The Responsible Witness

What role does responsibility take in our witness to others?  How can we best represent Jesus to those who don't know Him, but know us?

"for all have sinned and fall short of the glory of God,"
-Romans 3:23

We love to talk about forgiveness, and I don't say that mockingly.  It seems we've all been wronged in our life, and the bitterness we can hold on to is consuming.  The whole idea of this topic is one we want resolution on, but are hard-pressed to find resolve in.

But what if we flip the script on this narrative?  Let's focus, for a moment, not on forgiving others, but seeking forgiveness.

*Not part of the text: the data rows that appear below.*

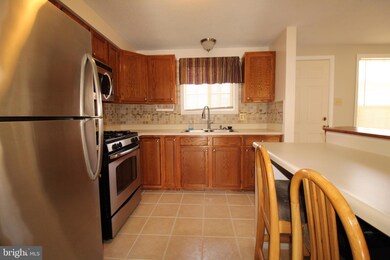 1102 Laurens St, Baltimore, MD 21217 - photo 3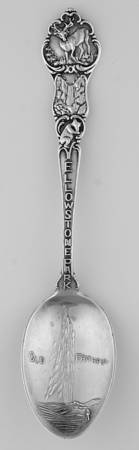 Paye & Baker Souvenir Spoons Yellowstone Park - No Box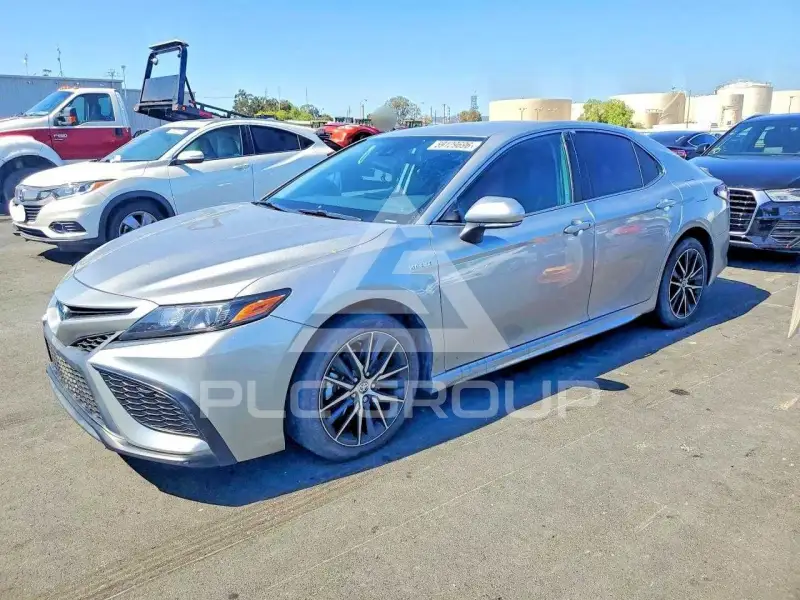 2021 Toyota CAMRY фото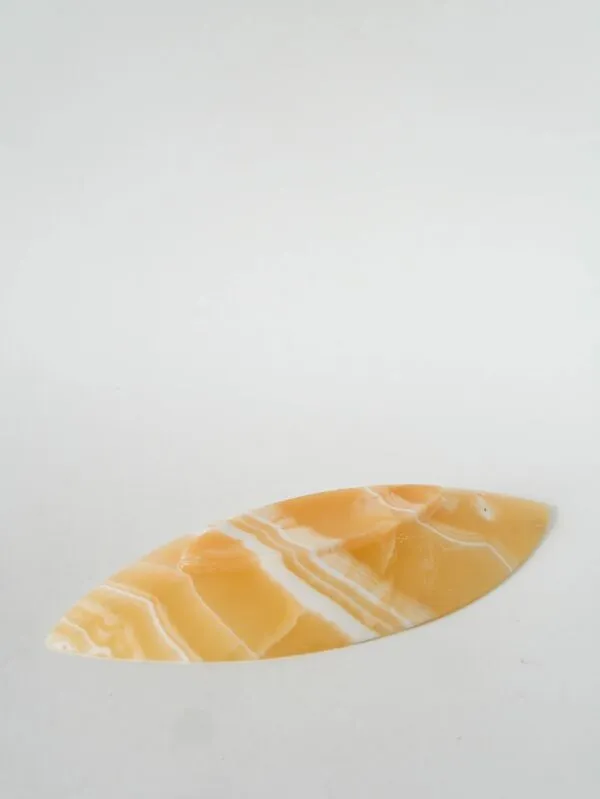 Illustration numéro 4 du produit Vide-poche ovoïde en travertin, design, 1970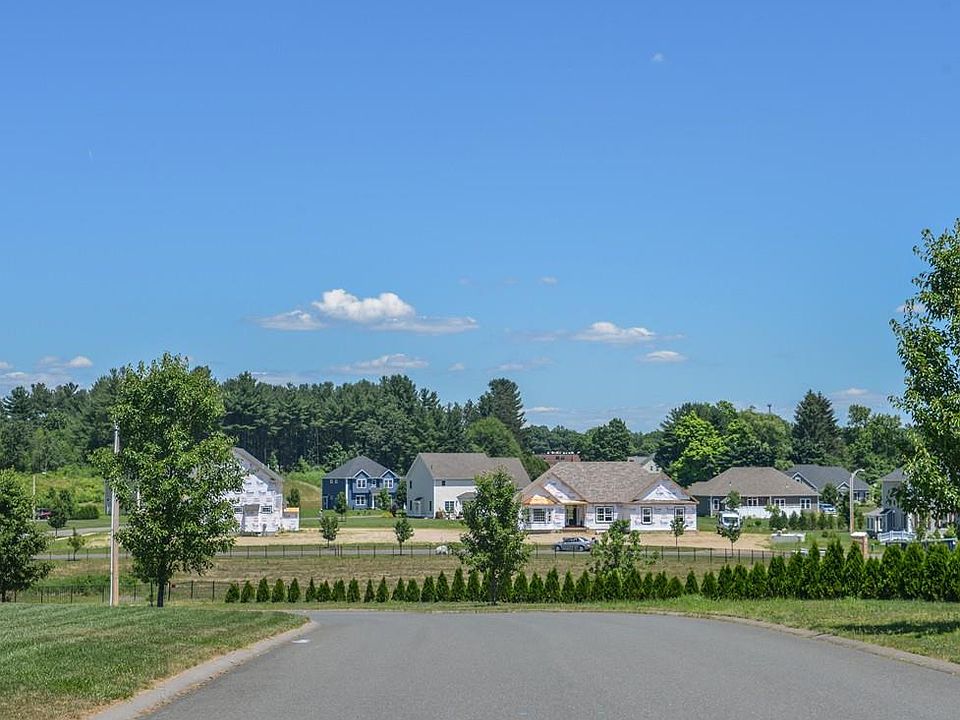 2nd image of 70 Flynn Meadow Rd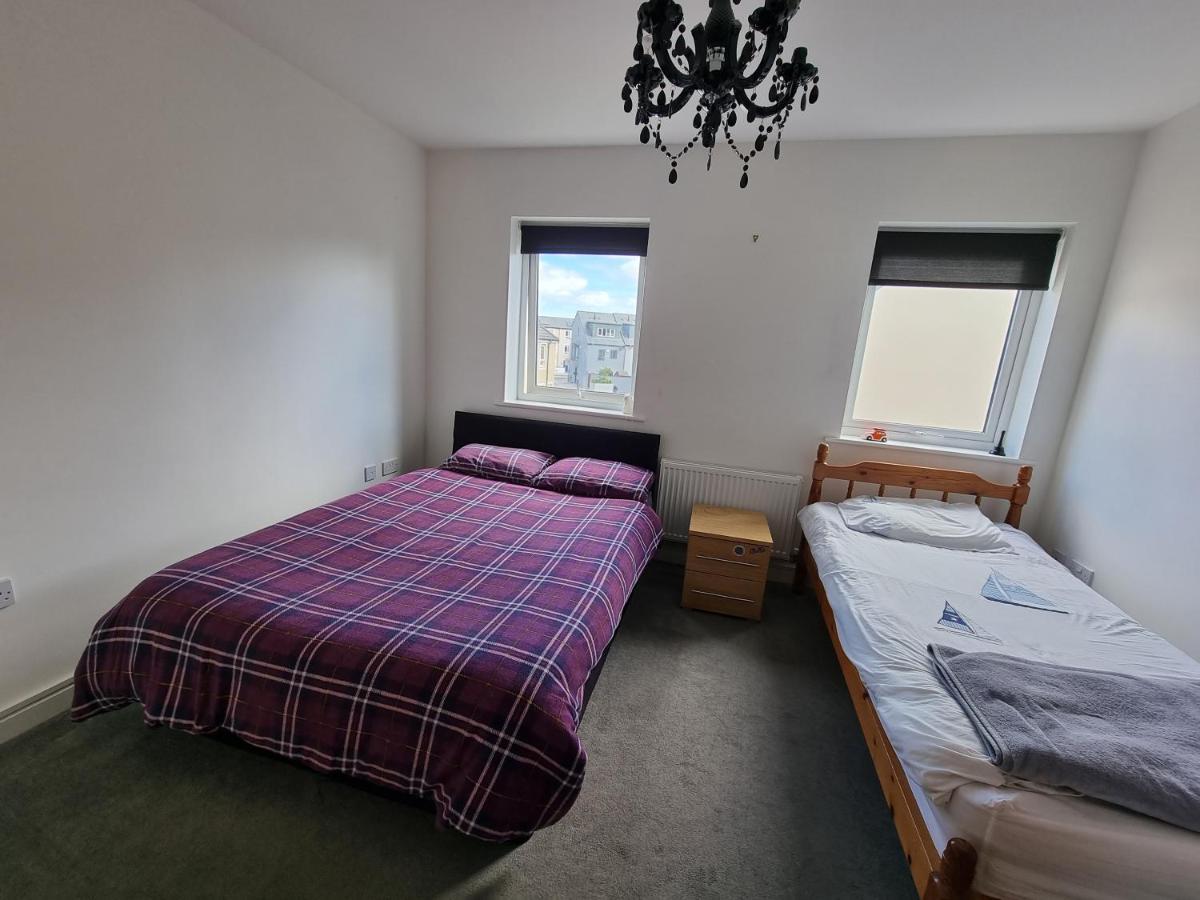 King En-Suite Close To The A30 Camborne Exteriör bild
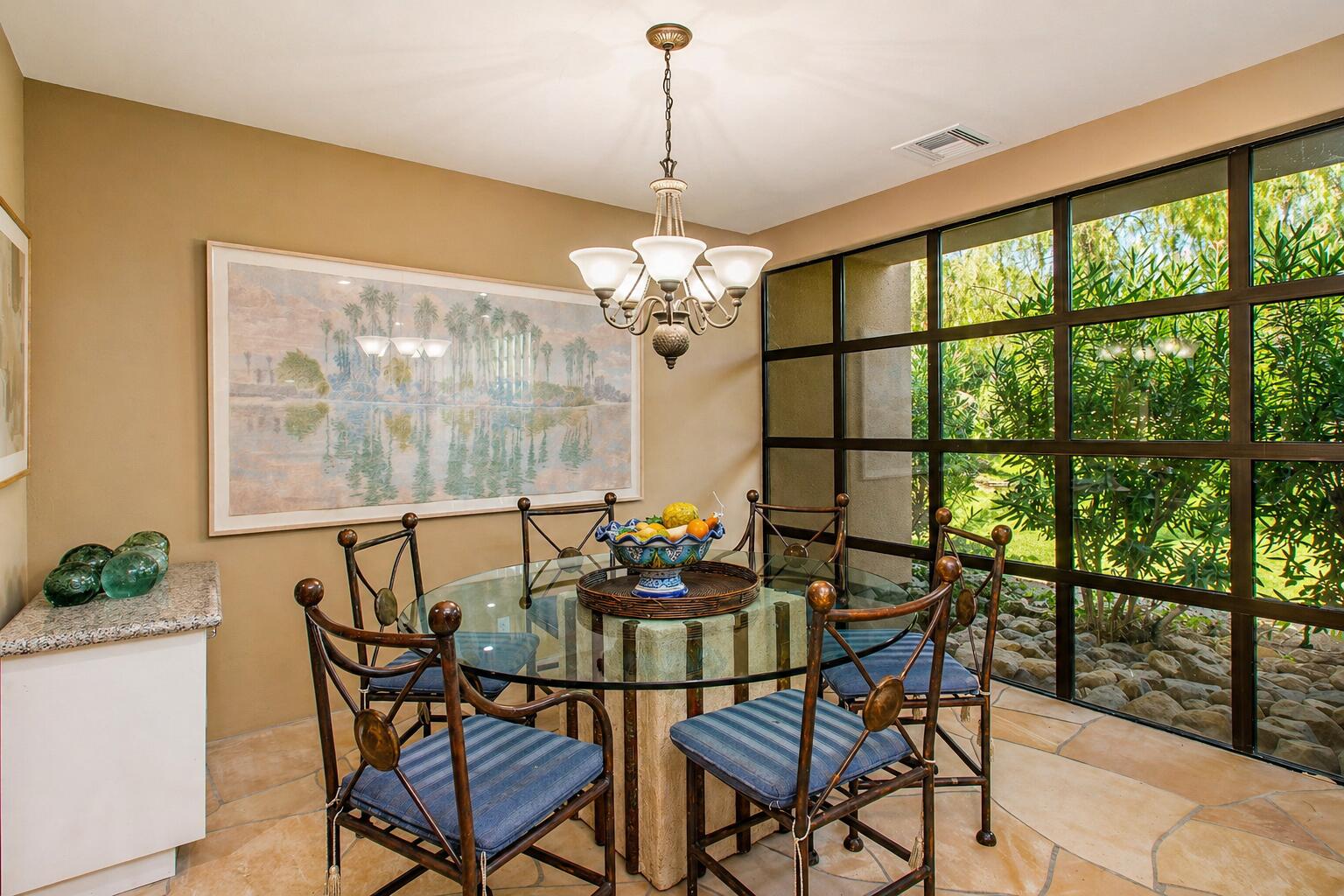 70629 Boothill Road Rancho Mirage, CA 92270 - Photo 28 of 47 25 GMc 760-797-5197 Breakfast room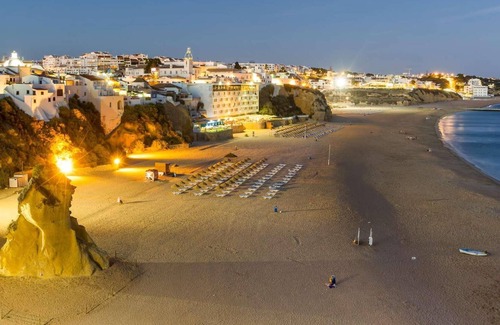 Salgados Villa | Modern villa with two spacious bedrooms.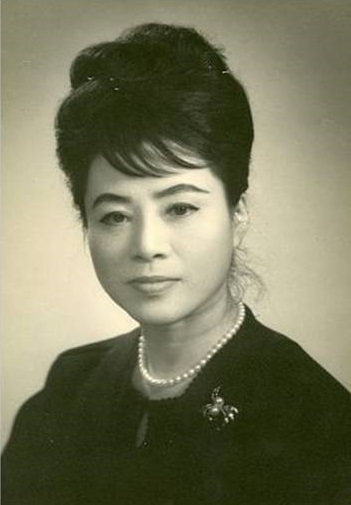 Han Moo-sook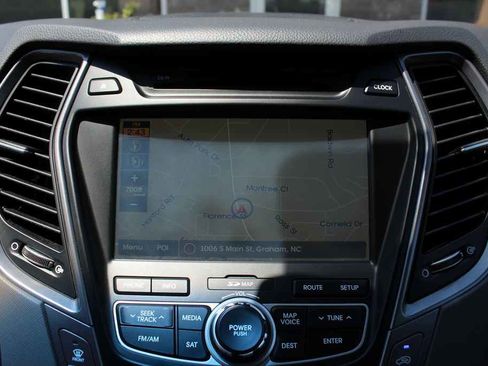 Used 2015 Hyundai Santa Fe Limited w/ Option Group 04 AWD/4WD image 21
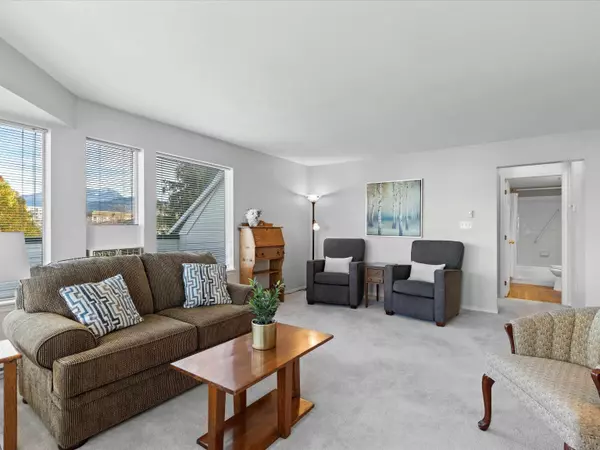 Chilliwack, BC V2R 3J6,7651 Amber DR #210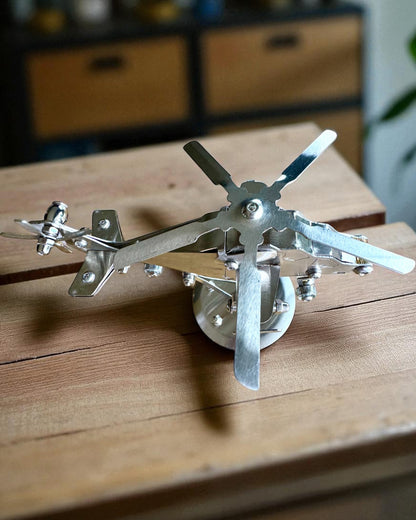 Modello in Metallo di Elicottero "SkyRider" – Supporto da Scrivania Regolabile con Personalizzazione Incisione per Regalo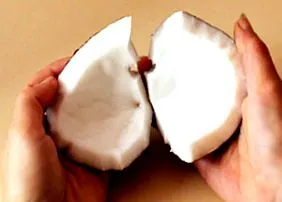 nyitott
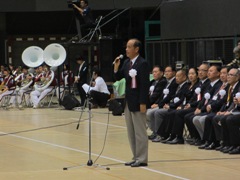 あいさつする大森市長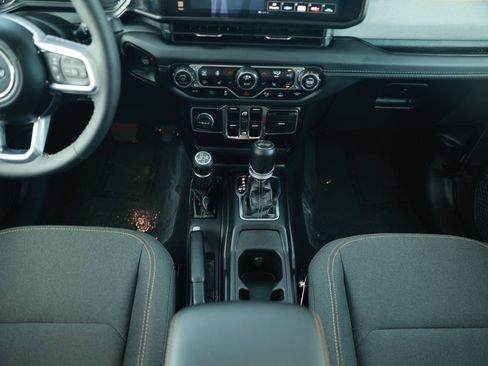 Used 2025 Jeep Wrangler Unlimited Sahara w/ Safety Group AWD/4WD image 31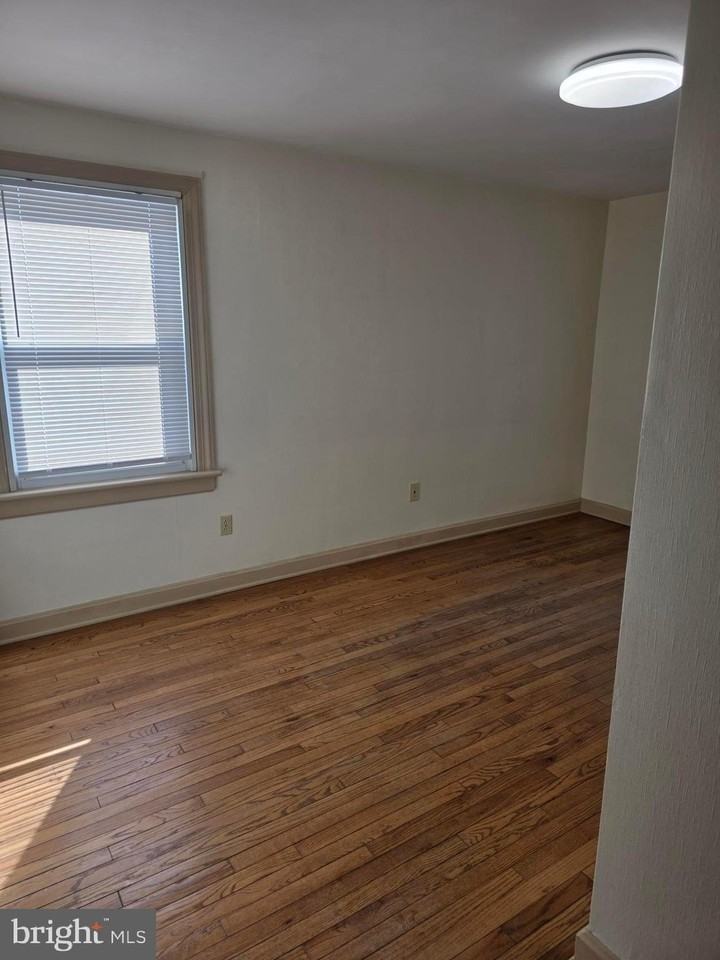 508 N 2nd St - Photo 7 of 10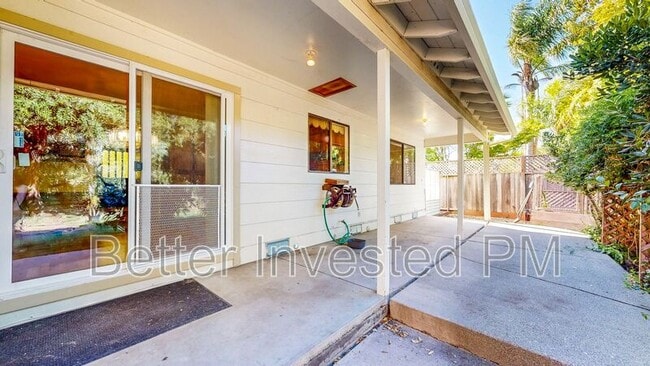 Building Photo - 2530 Brookhaven Dr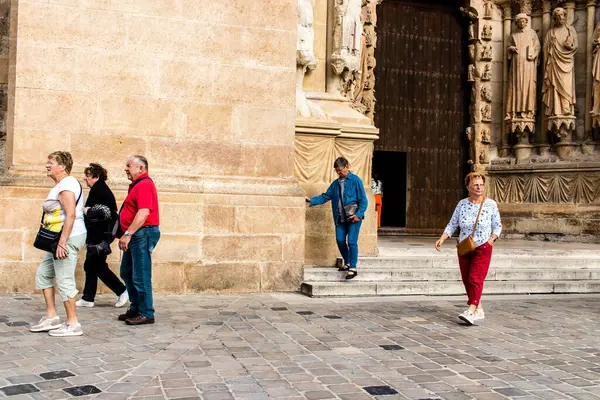 Reims, Fransa - 29 Eylül 2023 Notre Dame de Reims Katedrali 'ni ziyaret eden turistler, Fransa' nın Grand Est bölgesindeki tarihi bir eser.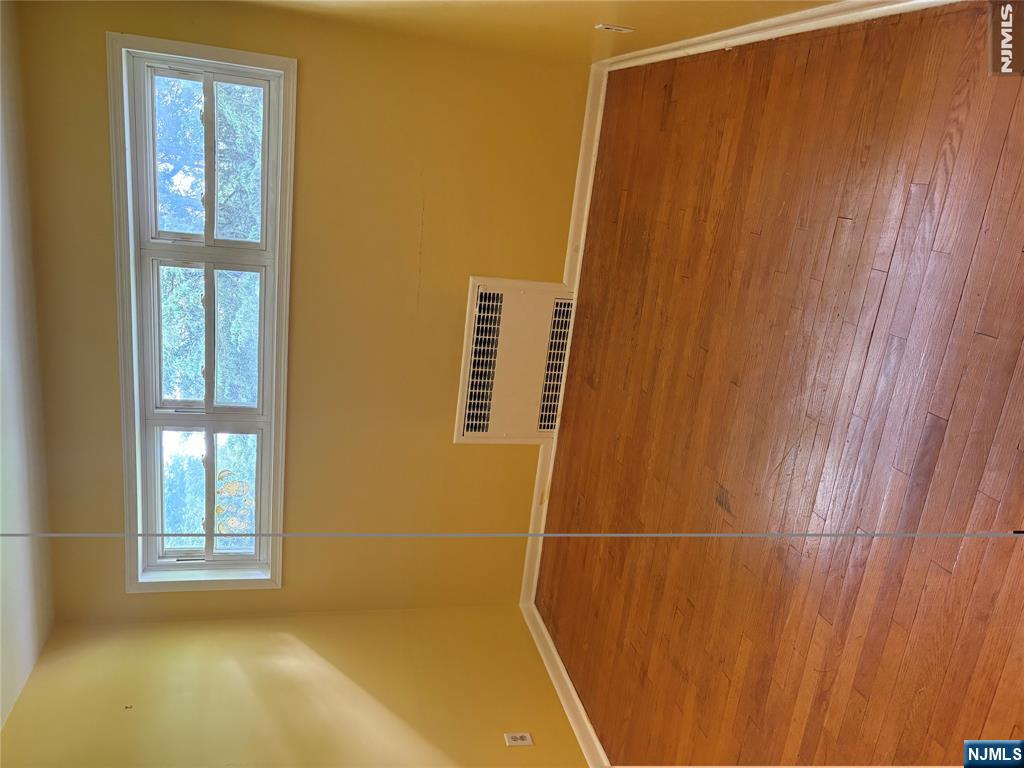 35 Knickerbocker Road Closter, NJ 07624 - Photo 7 of 11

It's our natural inclination to focus on who has wronged us, the hurt we feel, and the vindication we desire, because, in our sin nature, we are selfish.

Let's focus, instead, on others.

Who have you wronged?  Even if unknowingly at the time?  Leviticus 4:27-28a says:

“If any member of the community sins unintentionally and does what is forbidden in any of the Lord’s commands, when they realize their guilt and the sin they have committed becomes known, they must bring... their offering for the sin they committed..."

Maybe it's just me, but I can think back to mistakes I made before I was a Christian, or mistakes I made before I was mature enough to realize it was a mistake, or why it was a mistake.

One of the best things I've found I can do, in those situations, is go back to the person I wronged and apologize.

Why?  Even if it has been 10 years since the wrong, it is an opportunity to share with the person that I've grown, I've learned, and I acknowledge now that what I did was wrong.  It's an opportunity for me to share how my relationship with Jesus has matured me.

If they're a believer, they'll forgive and rejoice with me in the growth.  If they're not, they may or may not forgive me, and they may not even get the growth, but they might.  They just might.

And if they become curious about how I've grown?  That might be a small component or a major catalyst to their own relationship with Jesus.  That matters more than my pride.